DATA SUPPLIED:
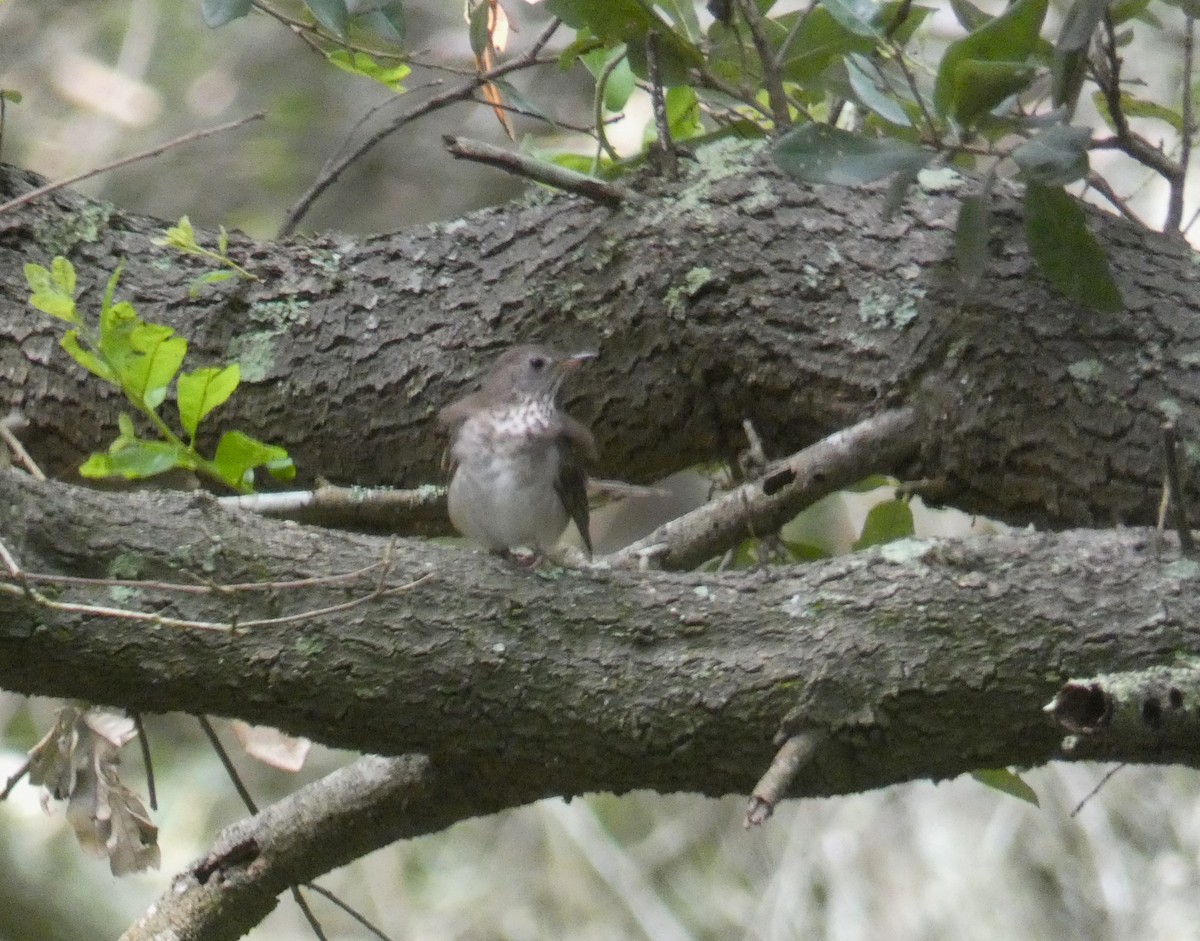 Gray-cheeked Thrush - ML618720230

==

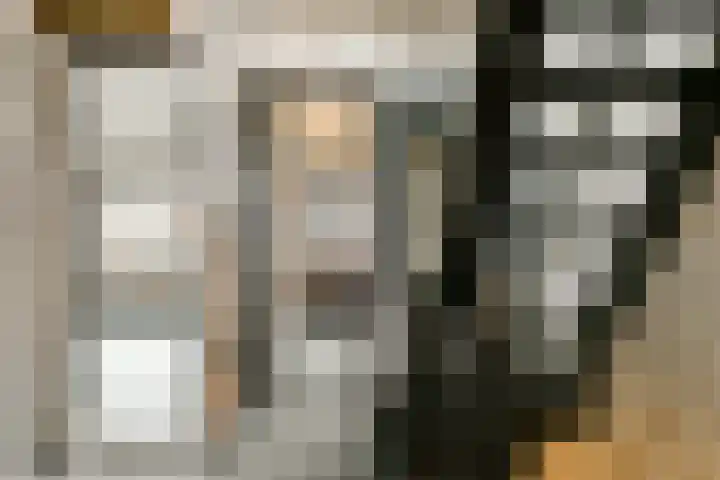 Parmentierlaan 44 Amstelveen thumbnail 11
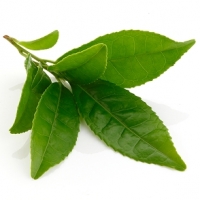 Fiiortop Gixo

EXERCISE DETAILS:
Retype only the lines above from the one with "Parmentierlaan 44 Amstelveen thumbnail 11" through the one with "Fiiortop Gixo", exactly and with both ends. Images stay out.

SOLUTION TO THIS TASK:
 Parmentierlaan 44 Amstelveen thumbnail 11
 Fiiortop Gixo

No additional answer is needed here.